The Sri Lankan rupee has plunged to a record low against the US dollar. Annual inflation is in the double digits. Import controls are in effect. And the country is teetering on the edge of default Sri Lanka is now turning to foreign assistance for help, including its two biggest trading partners. China is considering offering $ 2.5 billion more over the $ 2.8 billion already extended and India has put up $ 2.4 billion. And President Gotabaya Rajapaksa’s government is currently in negotiations with the International Monetary Fund and the World Bank for a bigger aid package – something he had previously resisted, to avoid the often-onerous terms they require. Sri Lanka, which gained its independence from Britain in 1948, only recently emerged from a deadly and costly 26-year civil war.
The export controls caused shortages of essential goods like cooking gas and milk, and defending the currency drained Sri Lanka’s foreign reserves. Moreover, remittances began to drop as the black-market value of the rupee fell, leading people to avoid converting US dollars to Sri Lankan rupees at the official rate or by official channels. Annual inflation has been estimated at as much as 55%, compared with the official rate of 14%.

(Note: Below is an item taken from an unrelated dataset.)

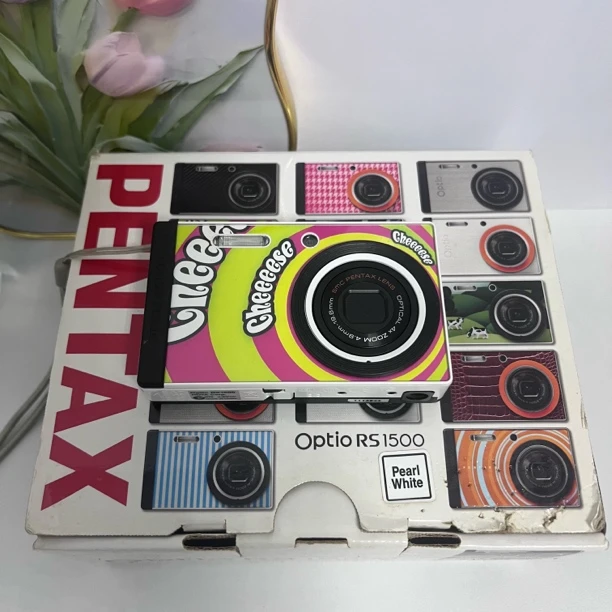 99新 Pentax/宾得 rs1500 1410w像素3倍变焦 原盒配件齐No退换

By March, reverberations from the war in Ukraine, which drove up international prices of oil, wheat and many other commodities, finally forced the government to change course. Beyond the effect on the cost of imported goods, the war also further threatens Sri Lanka’s tourism industry as flights to Moscow are now suspended. Before the war, Russians frequently made up the biggest share of Sri Lankan tourists, with Ukrainians not far behind.
Sri Lankan authorities had few other options than to allow the rupee to depreciate – which is expected to save billions of dollars a year – and seek International Monetary Fund assistance. Sri Lanka will likely also have to restructure its large debt load – by asking foreign bondholders to accept less than 100% of the value of their investments – to make it more sustainable.
Over 350 “non-essential” items are now banned for import, including milk, oranges and household appliances.
And the limited supply of goods that remain is getting more expensive every day. The price of cooking gas, for example, is almost three times higher than it was just five months ago.
Securing loans from the International Monetary Fund and the World Bank, along with short-term credit from China and India, may stabilize Sri Lanka’s economic and financial situation. But with protests growing and the austerity measures demanded by the lenders likely to prove unpopular, the government may find it hard to survive for long.